As you may suspect already, equality and identity are not the same.

To better understand the difference, let’s consider an example:

import std.stdio;

 

class Pet

{

    string name;

    public override bool opEquals(Object other)

    {

        return name == (cast(Pet)other).name;

    }

}

 

void main()

{

    Pet dog = new Pet();

    Pet cat = new Pet();

 

    writefln(dog is cat);

    writefln(dog == cat);

}

Puzzling enough, this code prints:

false

true

Naturally, a dog is not a cat and there is no surprise that the result of the “dog is cat” expression is false. But why is the dog equal to a cat (at least according to our code)? The short answer: identity tests if the object references are the same; equality results in a call to operator opEquals. In the code above, the name (the string member datum of the Pet class) is null in both the cat and the dog instances and opEquals correctly sees them as equal.
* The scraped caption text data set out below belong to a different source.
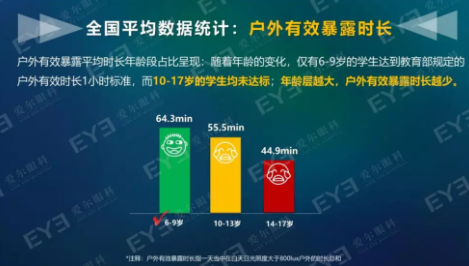 中國青少年用眼行為大數據報告今天發(fā)布：周末及寒暑假在家用眼習慣較差
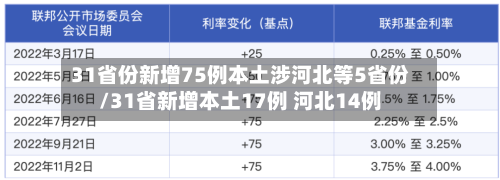 31省份新增75例本土涉河北等5省份/31省新增本土17例 河北14例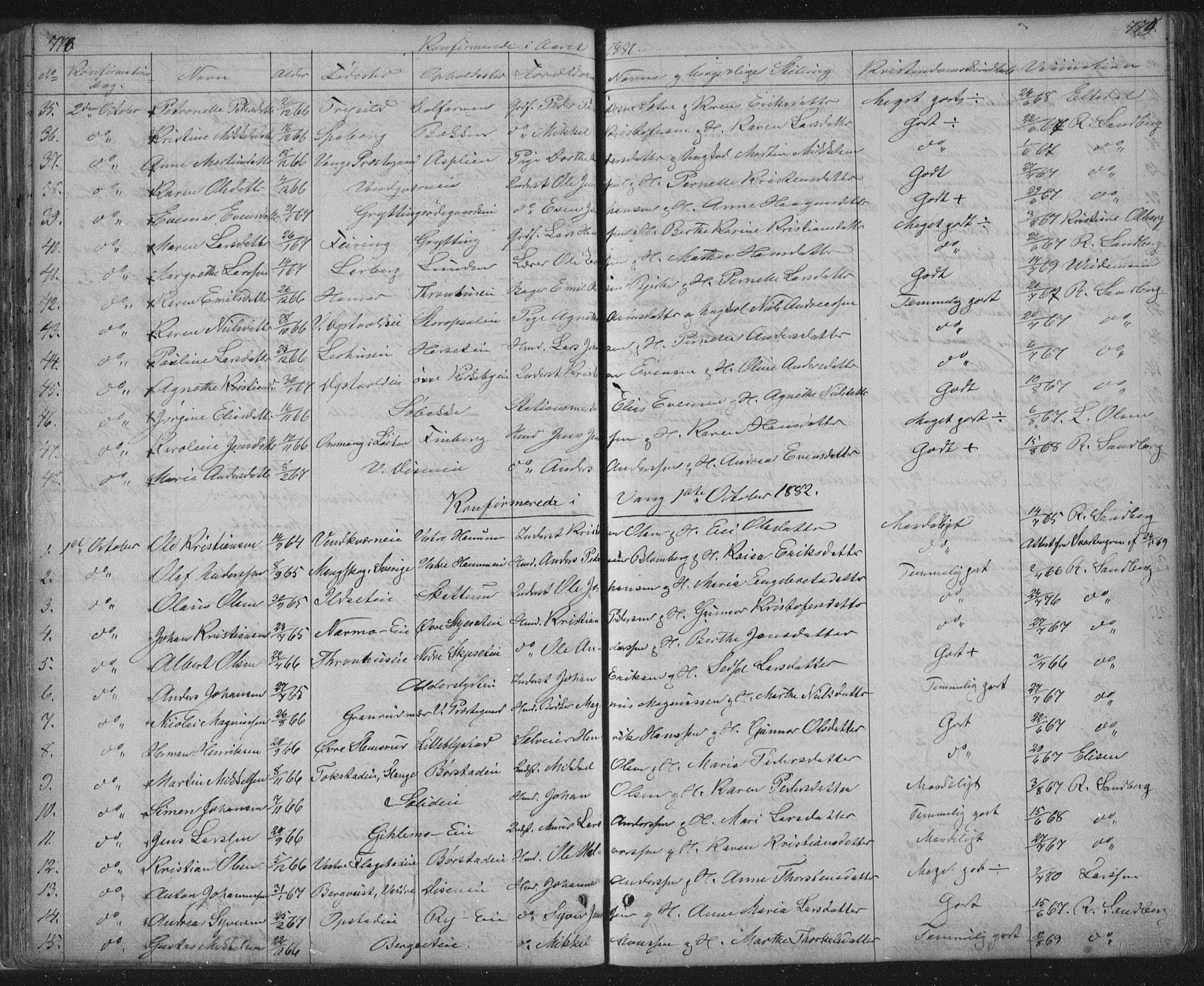 Vang prestekontor, Hedmark, AV/SAH-PREST-008/H/Ha/Hab/L0010B: Parish register (copy) no. 10b, 1854-1896, p. 778-779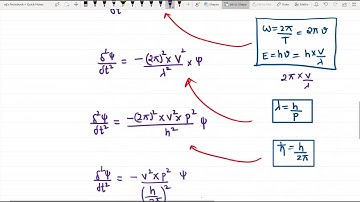 1FY2-02, (L-1), Engineering Physics, Schrodinger Time Independent Wave Equation, (U-6), Rajesh Kumar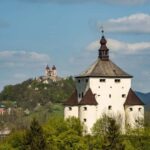 Caves, Cities & High Tatras: Grand Day Tour from Bratislava - Additional Stops and Flexibility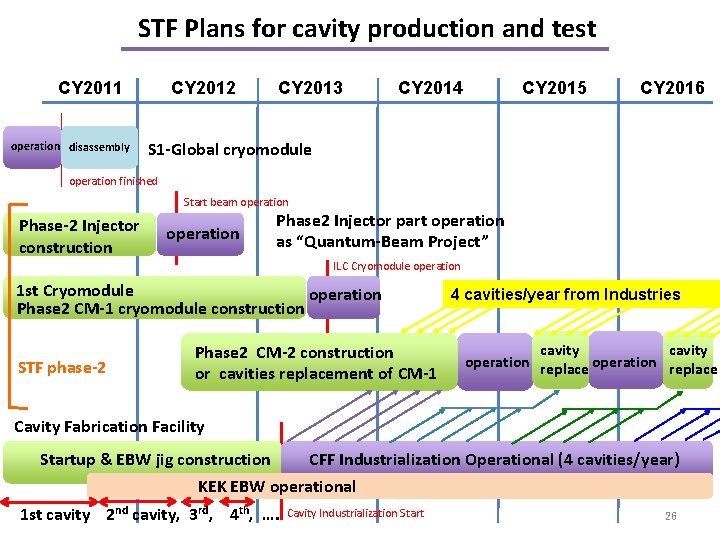 STF Plans for cavity production and test CY 2011 operation disassembly CY 2012 CY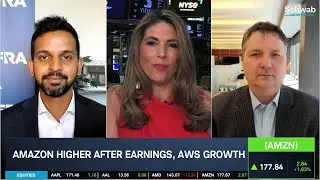 Amazon (AMZN) Higher After Earnings & AWS Growth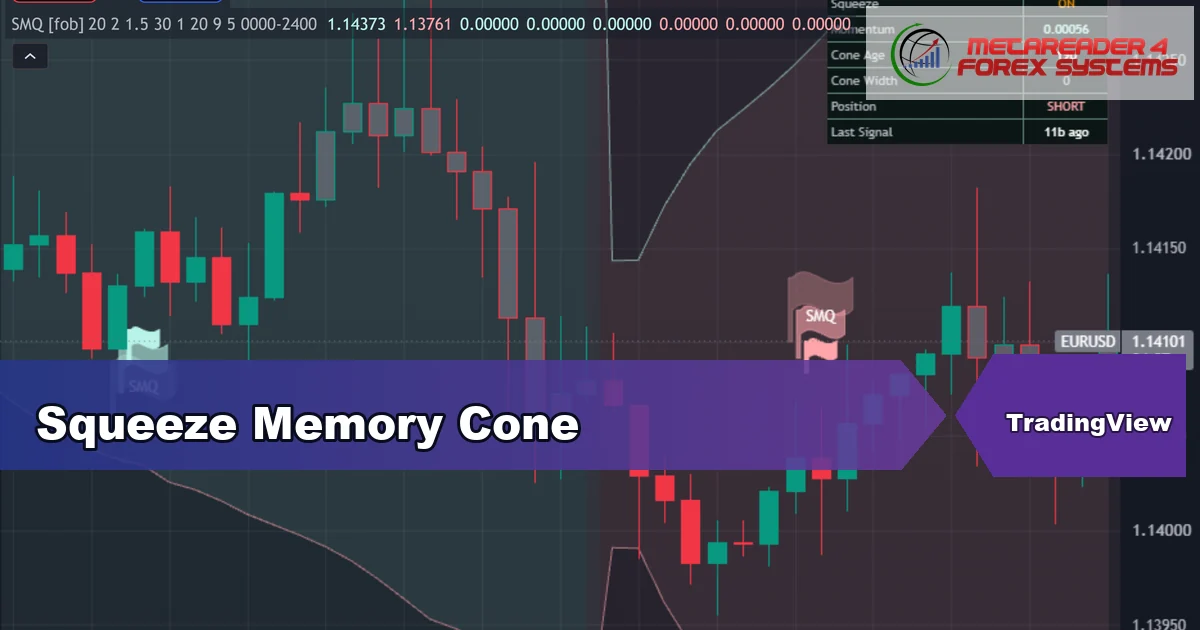 price compression indicator TradingView - Squeeze Memory Cone featured image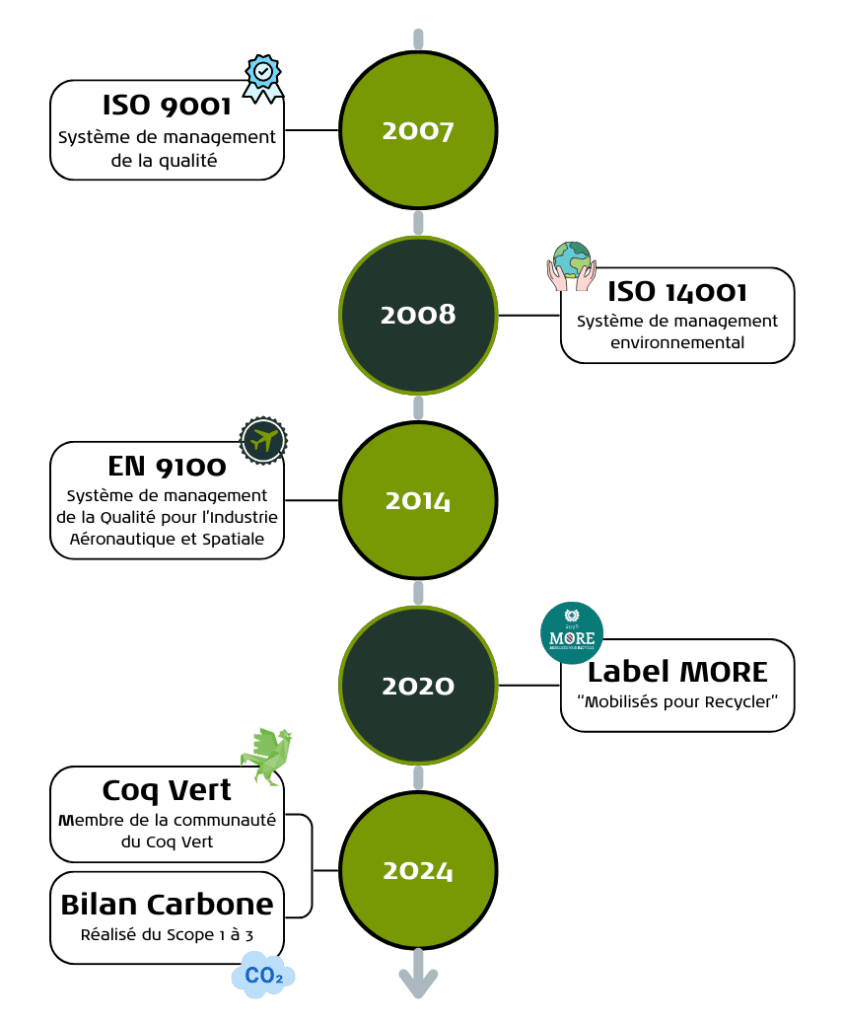 Certifications Team Plastique frise chronologique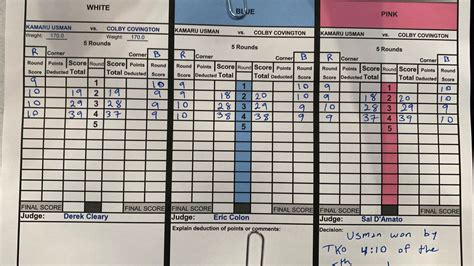 See how the judges scored every round of ufc 261: Pic! Official Usman Vs. Covington UFC 245 Scorecard - MMAmania.com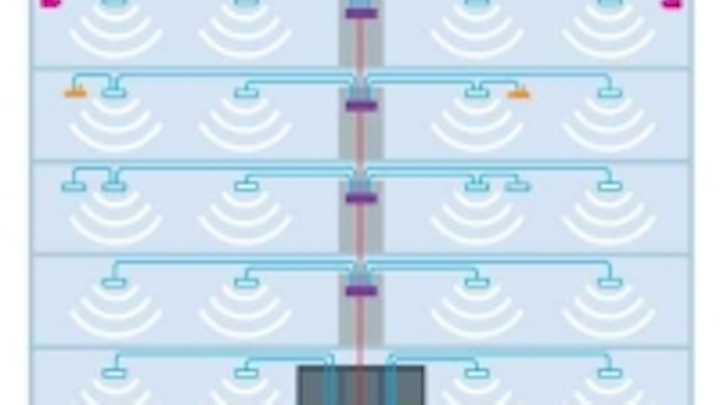 CommScope opens ION-E in-building enterprise wireless platform to U.S. operator trials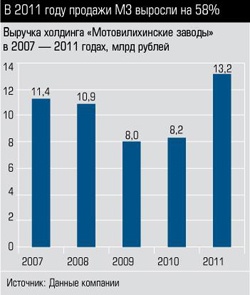 Выручка холдинга "Мотовилихинские заводы" в 2007 - 2011 годах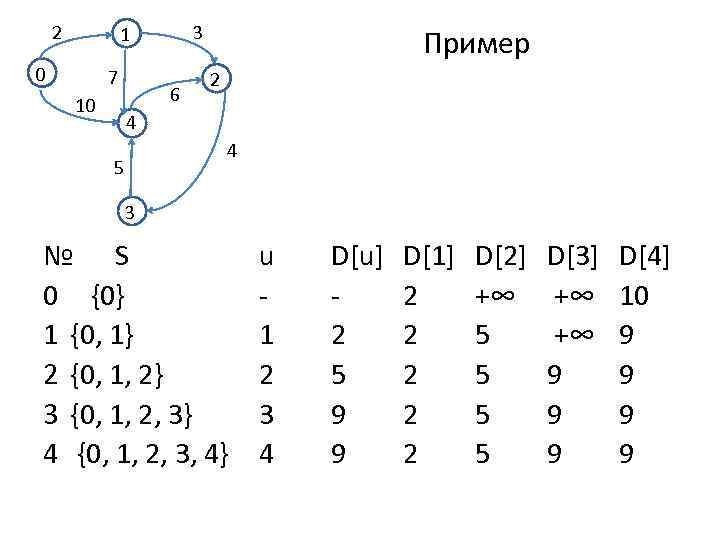 2 3 1 0 7 10 6 Пример 2 4 4 5 3 №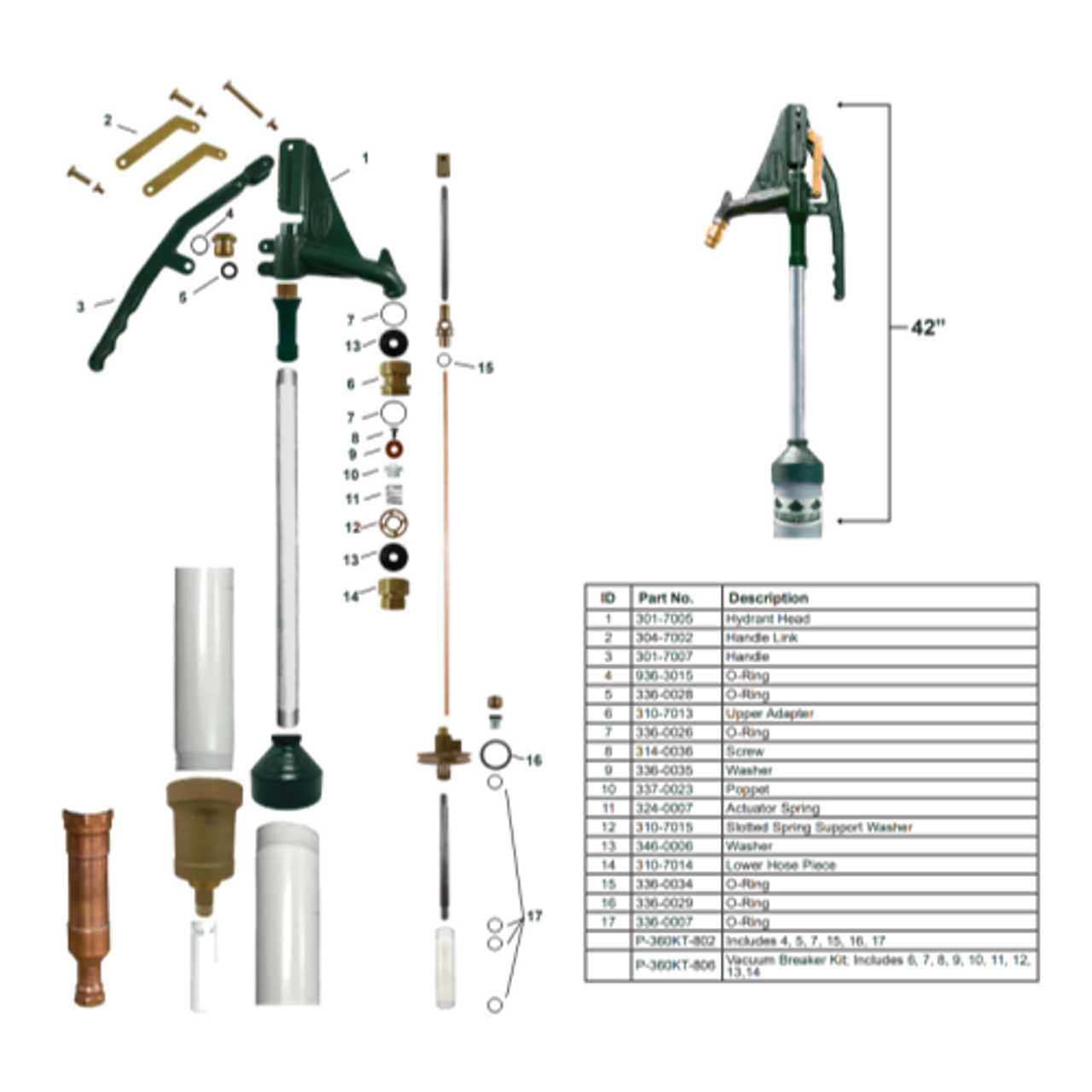 hydrant parts diagram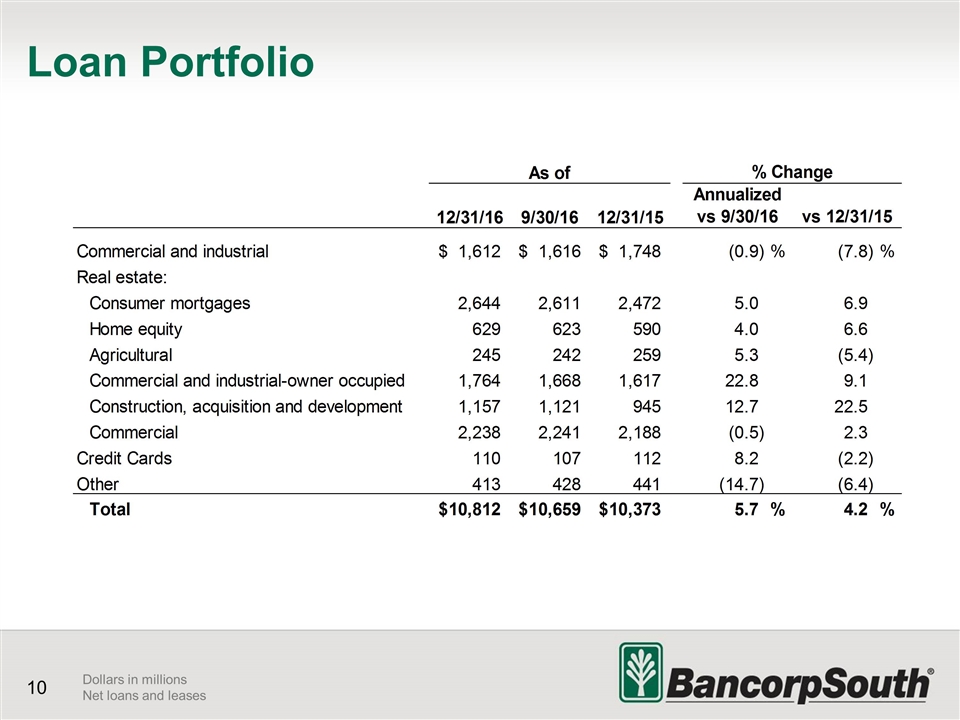 Slide 10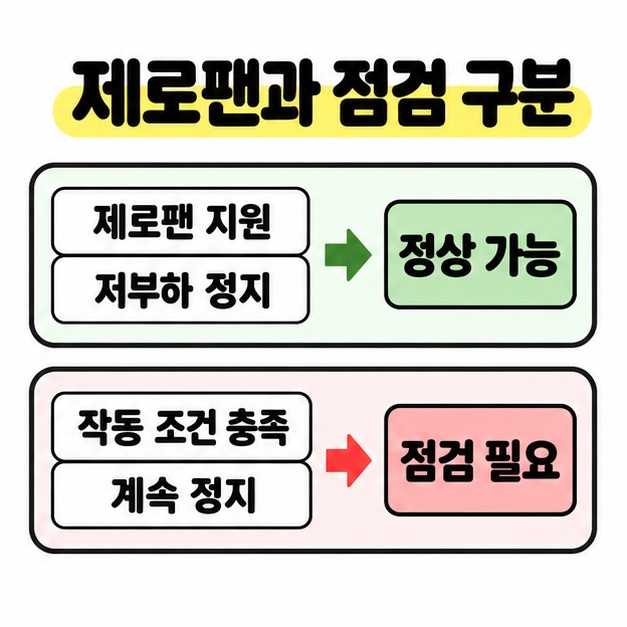 제로팬 지원 제품의 저부하 정지는 정상 가능, 작동 조건을 충족해도 계속 정지하면 점검 필요로 구분한 비교 카드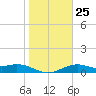 Queen Isabella Causeway tide chart for Wednesday, January 25, 2023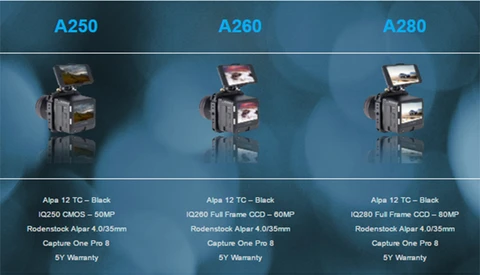 Phase One Announces The A Series - Medium Format Mirrorless Camera Systems 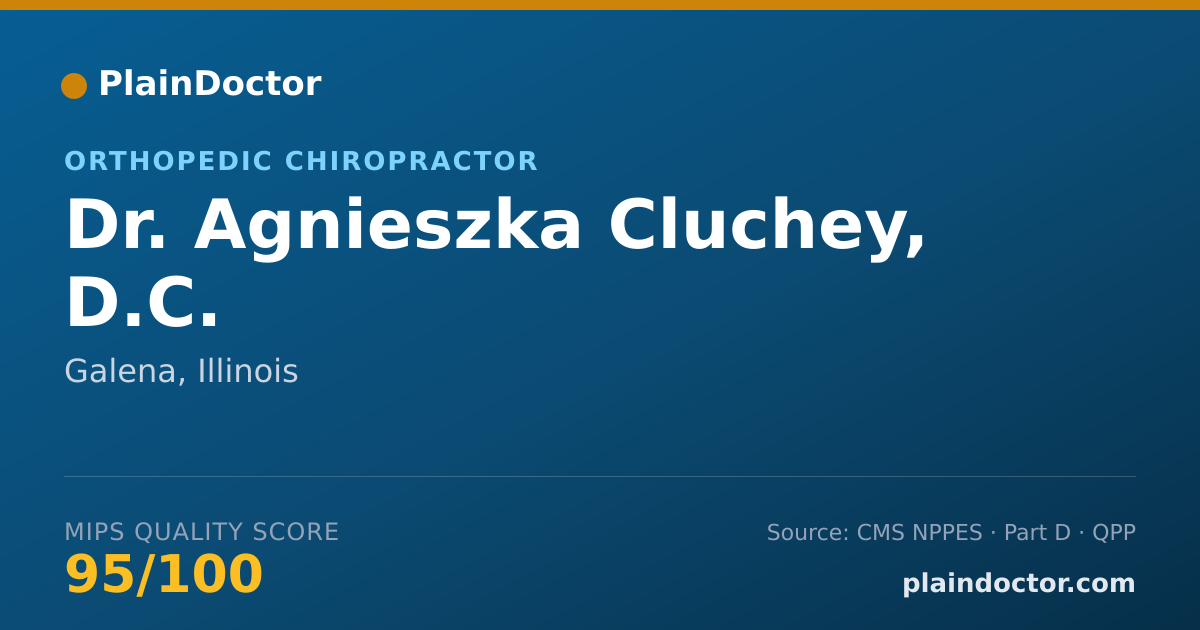 Shareable card for Agnieszka Cluchey, D.C. - Orthopedic Chiropractor, Galena, IL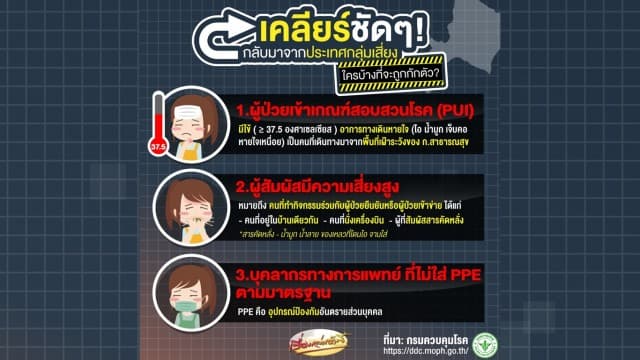 เคลียร์ชัดๆ! กลับมาจากประเทศกลุ่มเสี่ยง ใครบ้างที่จะถูกกักตัว?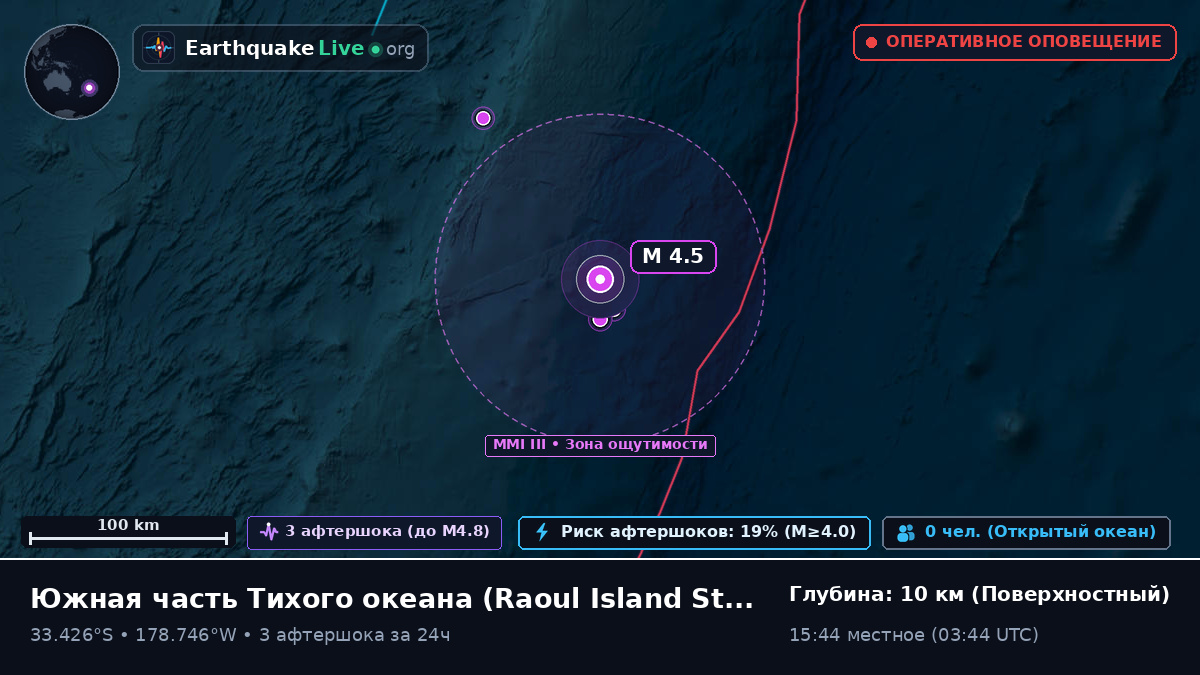 Южная часть Тихого океана (Kermadec Islands)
Like in C# (and unlike C++) D class objects are really references under the wraps. Occasionally, D programmers may need to compare such references (very much like they would compare pointers in C, without comparing the entities that are pointed to). In the “dog is cat” expression above, dog and cat refer to different class objects. So they are not identical. That explains the need for the “is” operator (aka identity operator). In Java, identity versus equality is an either-or deal, as suggested by the online docs at http://java.sun.com/docs/books/tutorial/java/IandI/objectclass.html: "The equals() method provided in the Object class uses the identity operator (==) to determine whether two objects are equal [...]To test whether two objects are equal in the sense of equivalency (containing the same information), you must override the equals() method."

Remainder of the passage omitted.